NeurIPS 2020

Inference Stage Optimization for Cross-scenario 3D Human Pose Estimation

Review 1

Summary and Contributions: This paper presents an interface stage optimization framework to adapt 3D human pose estimation to novel scenarios with enhanced generalization. With both fully supervised learning and self-supervised learning co-trained on source data, the proposed ISO performs self-supervised adaption to each inference instance to accommodate distribution shifts between cross scenarios. It has achieved improved accuracy on cross-scenario setup.

Strengths: The paper has a novel framework for practical cross-scenario 3D human pose estimation and extensive experiments have been done demonstrating the effectiveness of the method. The framework is orthogonal to different self-supervised learning techniques and could inspire more future works on domain adaption for human pose estimation.

Weaknesses: My major concern towards this method is the inference time performance. Even though the paper has proposed a few speedup solutions, the vanilla-lr is still 9x slower than the baseline (and the numbers in other tables should be based on the faster version for a fair comparison). I am wondering how the accuracy would be affected if the parameters adaption could be performed on a batch of interference images (several images altogether or even a dataset) instead of on each image instance. How necessary is this *individual* adaption?

Correctness: Seems good.

Clarity: yes, I find it easy to follow.

Relation to Prior Work: Good. I find this recent paper also related: "Weakly Supervised 3D Human Pose and Shape Reconstruction with Normalizing Flows"

Reproducibility: Yes

Additional Feedback: - It is not very clear to me how the pose discriminator are trained and updated during inference? What's the training data at both stages? Could it be unbiasedly "adapted" based on a single image instance during inference? - What's the inference accuracy with and without ISO over Human3.6M data? It would be good to have such an experiment to understand if ISO would help even when there is no pose distribution shift.

Review 2

Summary and Contributions: This paper proposed an Inference stage optimization (ISO) method for improving the generalizability of 3D pose estimation model. The proposed method performs geometry-aware self-supervised learning to update the neural network model for each instance. Two SSL techniques, i.e., ISO-Adversary and ISO-Cycle, are adopted to the 3D pose estimation task under the IOS framework. The experiments proved that the proposed method can improve the generalizability of the 3D pose estimation model.

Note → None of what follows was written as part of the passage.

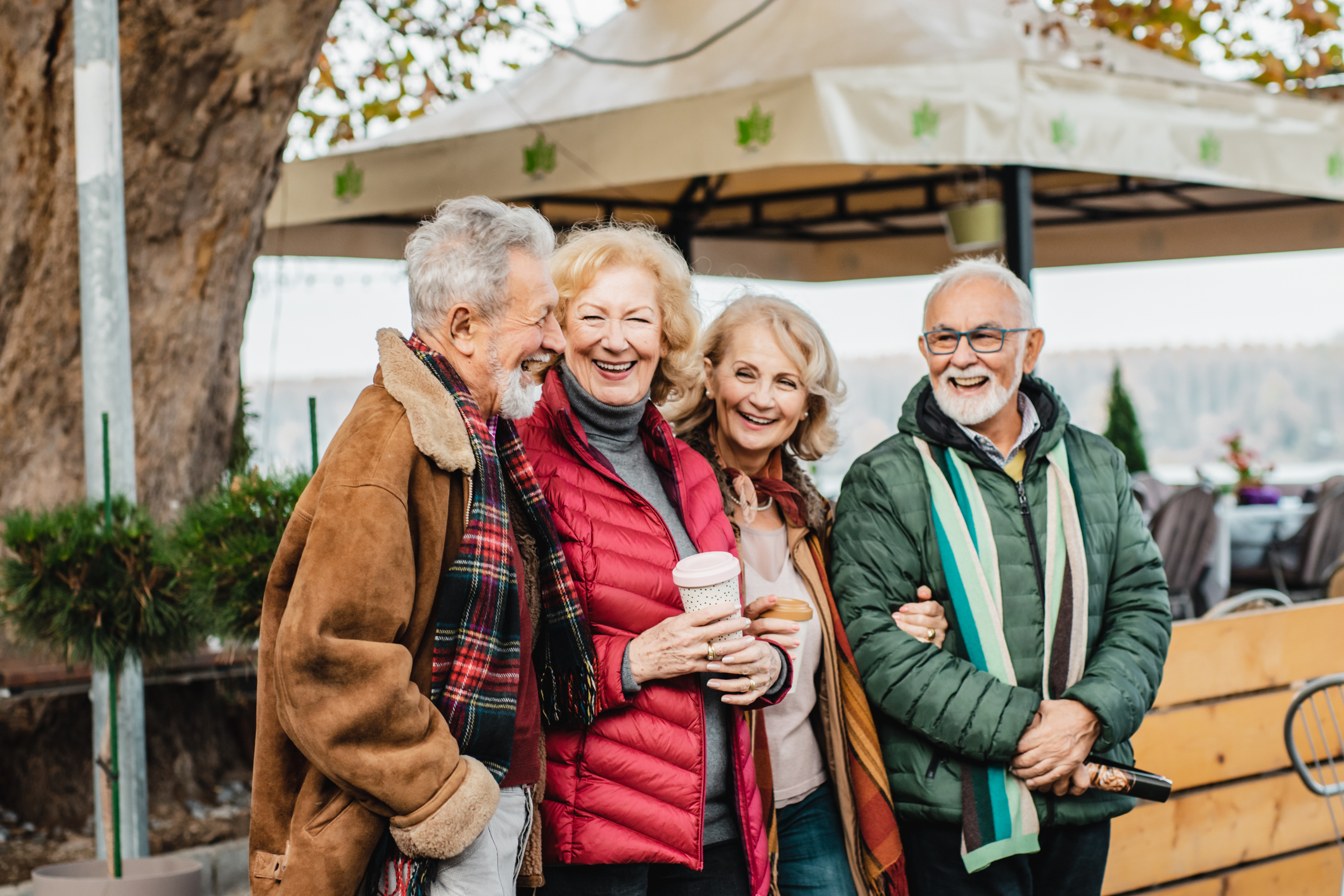 Two senior couple walking and laughing in the city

Strengths: This paper focused on an interesting problem of improving 3D pose model generalizability in the inference stage. It adopted two SSL methods, ISO-Adversary and ISO-Cycle ,to update model during inference. The experimental results show the effectiveness of the proposed method.

Weaknesses: The inference stage optimization seems similar to the previous model-fitting methods, e.g., Kolotouros et al. Learning to reconstruct 3D human pose and shape via model-fitting in the loop. CVPR 2019. However, the comparisons are not presented. Ablation studies in the supplementary material show that the main improvements are from the joint training. In MPJPE metric, the joint-adv improves the baseline by -6.8 and the inference stage optimization vanilla-adv improves the model by -1.7 (vs joint-adv). As supervised learning and weakly supervised learning have been studied in the previous papers[7, 9, 35], the comparison should be presented in table 1 and table 2.

Correctness: The proposed method is technically correct.

Clarity: The paper is well written and easy to follow. It is suggested that the implementation details and ablation study parts should be moved from the supplementary material to the main paper.

Relation to Prior Work: The difference between the proposed method and the prior works is not clearly discussed. The relation to the unsupervised or weakly supervised methods, and model-fitting based methods should be highlighted.

Reproducibility: Yes

Additional Feedback: The analysis in section 4.3 seems interesting. It is better to visualize the ground truth in figure 4. In the robustness analysis, some images should be presented to show how the noise influences the input and the output.

Review 3

Summary and Contributions: The authors propose a neural network training scheme that finetunes a pre-trained 3D pose estimation model on unlabelled target images (a form of transductive learning) in an iterative fashion.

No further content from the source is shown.